Le paysage politique sénégalais est marqué par un tournant inattendu. Lansana Gagny Sakho, figure technocratique autrefois proche d’Ousmane Sonko, a récemment livré un témoignage qui bouscule l’échiquier local. Ce dernier a exprimé des regrets profonds quant à son engagement passé, soulignant qu’il n’aurait jamais rejoint cette trajectoire s’il avait anticipé l’orientation économique adoptée depuis. Ses déclarations, d’une franchise rare, illustrent une rupture symbolique au sein des rangs qui soutenaient autrefois le gouvernement.
Une critique directe envers la gestion économique du pays
Les propos de Lansana Gagny Sakho ne relèvent pas d’une simple divergence passagère. L’ancien cadre technique dénonce une gestion jugée responsable du marasme économique actuel au Sénégal. Ses critiques ciblent sans ambiguïté les choix opérés par le Premier ministre, accusé de fragiliser la stabilité financière du pays. Cette prise de position s’inscrit dans un contexte où les indicateurs économiques montrent des signes de ralentissement depuis le début de l’année 2024, avec des pressions accrues sur les finances publiques et des interrogations répétées de la part des partenaires internationaux concernant la transparence des orientations budgétaires.
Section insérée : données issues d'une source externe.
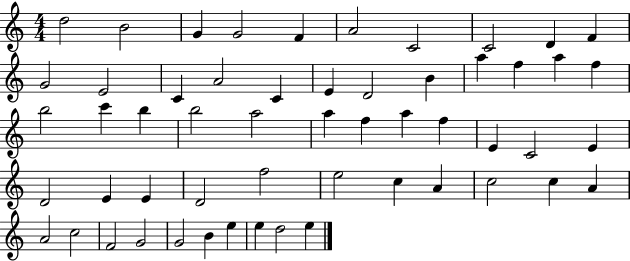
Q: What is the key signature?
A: C major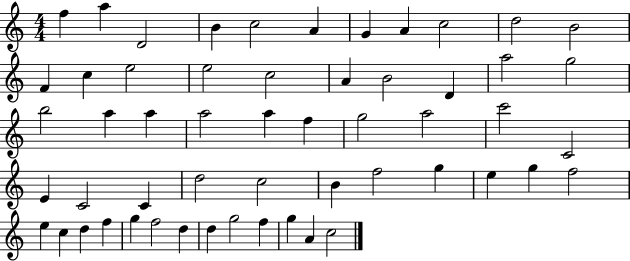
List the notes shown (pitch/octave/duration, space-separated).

F5/q A5/q D4/h B4/q C5/h A4/q G4/q A4/q C5/h D5/h B4/h F4/q C5/q E5/h E5/h C5/h A4/q B4/h D4/q A5/h G5/h B5/h A5/q A5/q A5/h A5/q F5/q G5/h A5/h C6/h C4/h E4/q C4/h C4/q D5/h C5/h B4/q F5/h G5/q E5/q G5/q F5/h E5/q C5/q D5/q F5/q G5/q F5/h D5/q D5/q G5/h F5/q G5/q A4/q C5/h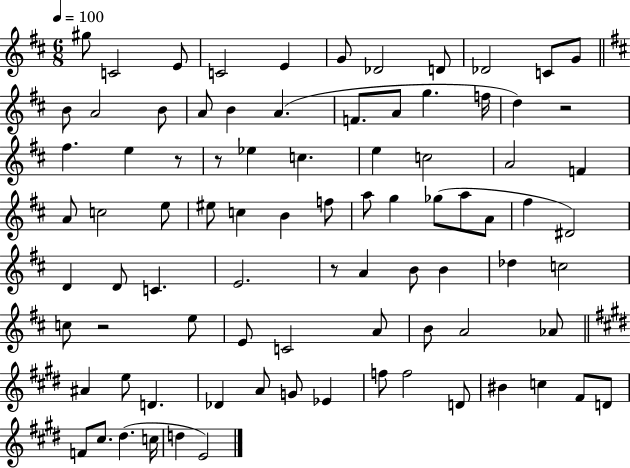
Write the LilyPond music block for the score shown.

{
  \clef treble
  \numericTimeSignature
  \time 6/8
  \key d \major
  \tempo 4 = 100
  gis''8 c'2 e'8 | c'2 e'4 | g'8 des'2 d'8 | des'2 c'8 g'8 | \break \bar "||" \break \key d \major b'8 a'2 b'8 | a'8 b'4 a'4.( | f'8. a'8 g''4. f''16 | d''4) r2 | \break fis''4. e''4 r8 | r8 ees''4 c''4. | e''4 c''2 | a'2 f'4 | \break a'8 c''2 e''8 | eis''8 c''4 b'4 f''8 | a''8 g''4 ges''8( a''8 a'8 | fis''4 dis'2) | \break d'4 d'8 c'4. | e'2. | r8 a'4 b'8 b'4 | des''4 c''2 | \break c''8 r2 e''8 | e'8 c'2 a'8 | b'8 a'2 aes'8 | \bar "||" \break \key e \major ais'4 e''8 d'4. | des'4 a'8 g'8 ees'4 | f''8 f''2 d'8 | bis'4 c''4 fis'8 d'8 | \break f'8 cis''8. dis''4.( c''16 | d''4 e'2) | \bar "|."
}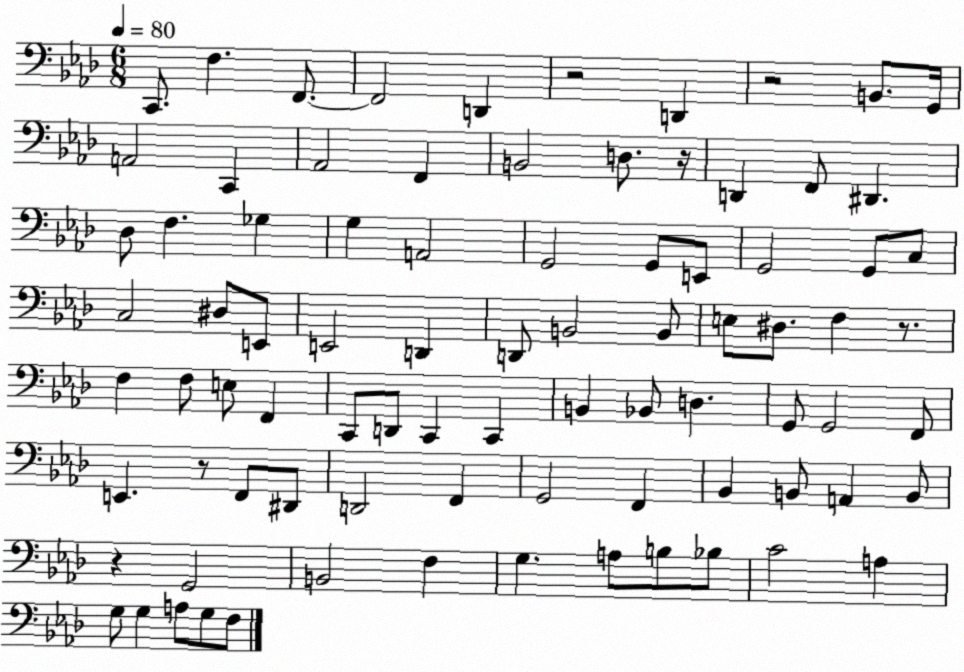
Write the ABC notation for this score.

X:1
T:Untitled
M:6/8
L:1/4
K:Ab
C,,/2 F, F,,/2 F,,2 D,, z2 D,, z2 B,,/2 G,,/4 A,,2 C,, _A,,2 F,, B,,2 D,/2 z/4 D,, F,,/2 ^D,, _D,/2 F, _G, G, A,,2 G,,2 G,,/2 E,,/2 G,,2 G,,/2 C,/2 C,2 ^D,/2 E,,/2 E,,2 D,, D,,/2 B,,2 B,,/2 E,/2 ^D,/2 F, z/2 F, F,/2 E,/2 F,, C,,/2 D,,/2 C,, C,, B,, _B,,/2 D, G,,/2 G,,2 F,,/2 E,, z/2 F,,/2 ^D,,/2 D,,2 F,, G,,2 F,, _B,, B,,/2 A,, B,,/2 z G,,2 B,,2 F, G, A,/2 B,/2 _B,/2 C2 A, G,/2 G, A,/2 G,/2 F,/2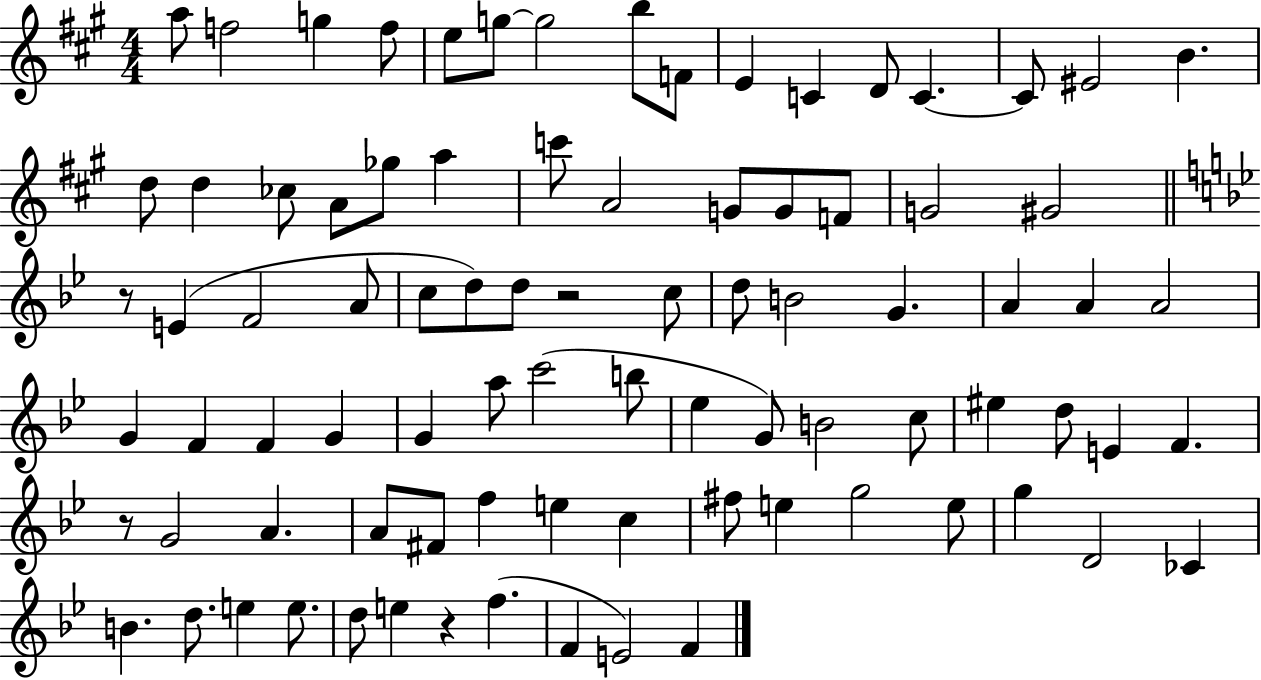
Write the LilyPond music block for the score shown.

{
  \clef treble
  \numericTimeSignature
  \time 4/4
  \key a \major
  a''8 f''2 g''4 f''8 | e''8 g''8~~ g''2 b''8 f'8 | e'4 c'4 d'8 c'4.~~ | c'8 eis'2 b'4. | \break d''8 d''4 ces''8 a'8 ges''8 a''4 | c'''8 a'2 g'8 g'8 f'8 | g'2 gis'2 | \bar "||" \break \key g \minor r8 e'4( f'2 a'8 | c''8 d''8) d''8 r2 c''8 | d''8 b'2 g'4. | a'4 a'4 a'2 | \break g'4 f'4 f'4 g'4 | g'4 a''8 c'''2( b''8 | ees''4 g'8) b'2 c''8 | eis''4 d''8 e'4 f'4. | \break r8 g'2 a'4. | a'8 fis'8 f''4 e''4 c''4 | fis''8 e''4 g''2 e''8 | g''4 d'2 ces'4 | \break b'4. d''8. e''4 e''8. | d''8 e''4 r4 f''4.( | f'4 e'2) f'4 | \bar "|."
}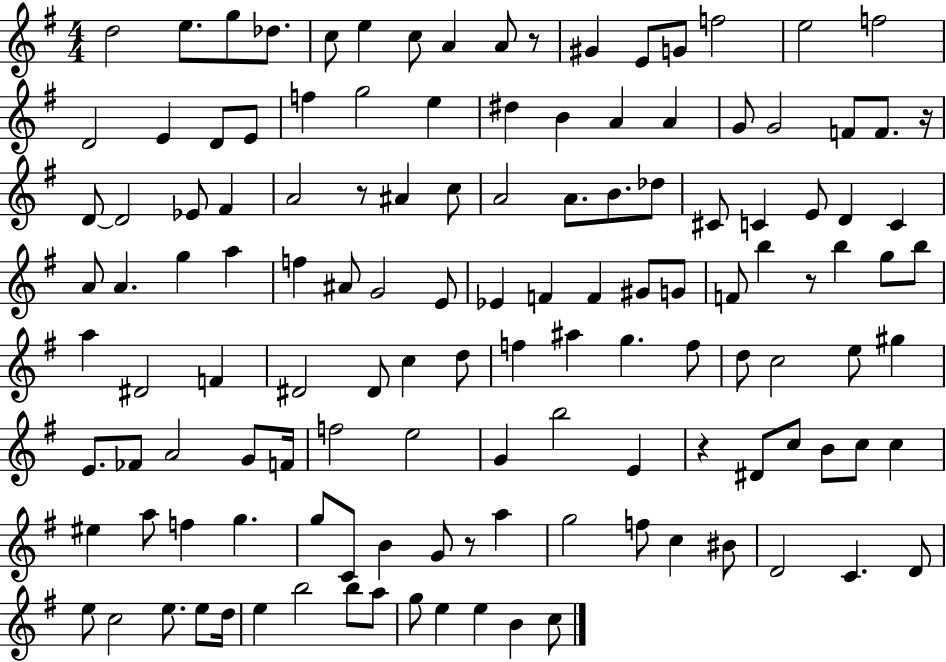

Cette sortie survient à un moment où les débats sur la dette publique et la révision des comptes nationaux occupent une place centrale dans l’actualité dakaroise. Le gouvernement, qui avait lui-même pointé un héritage financier plus lourd que prévu, se retrouve aujourd’hui sous le feu des projecteurs. La critique émanant d’un ancien allié ajoute une dimension supplémentaire à cette crise de confiance, révélant des tensions internes au sein de la coalition au pouvoir depuis l’élection de Bassirou Diomaye Faye.
Un désaveu politique aux répercussions immédiates
En affirmant qu’il n’aurait pas suivi Ousmane Sonko s’il avait eu connaissance du cours des événements, Lansana Gagny Sakho transforme sa sortie en acte de rupture politique. Ce geste, loin d’être anodin, menace l’unité affichée par le mouvement Patriotes africains du Sénégal pour le travail, l’éthique et la fraternité (Pastef), dont la force reposait jusqu’ici sur une discipline militante et une loyauté inébranlable envers son leader.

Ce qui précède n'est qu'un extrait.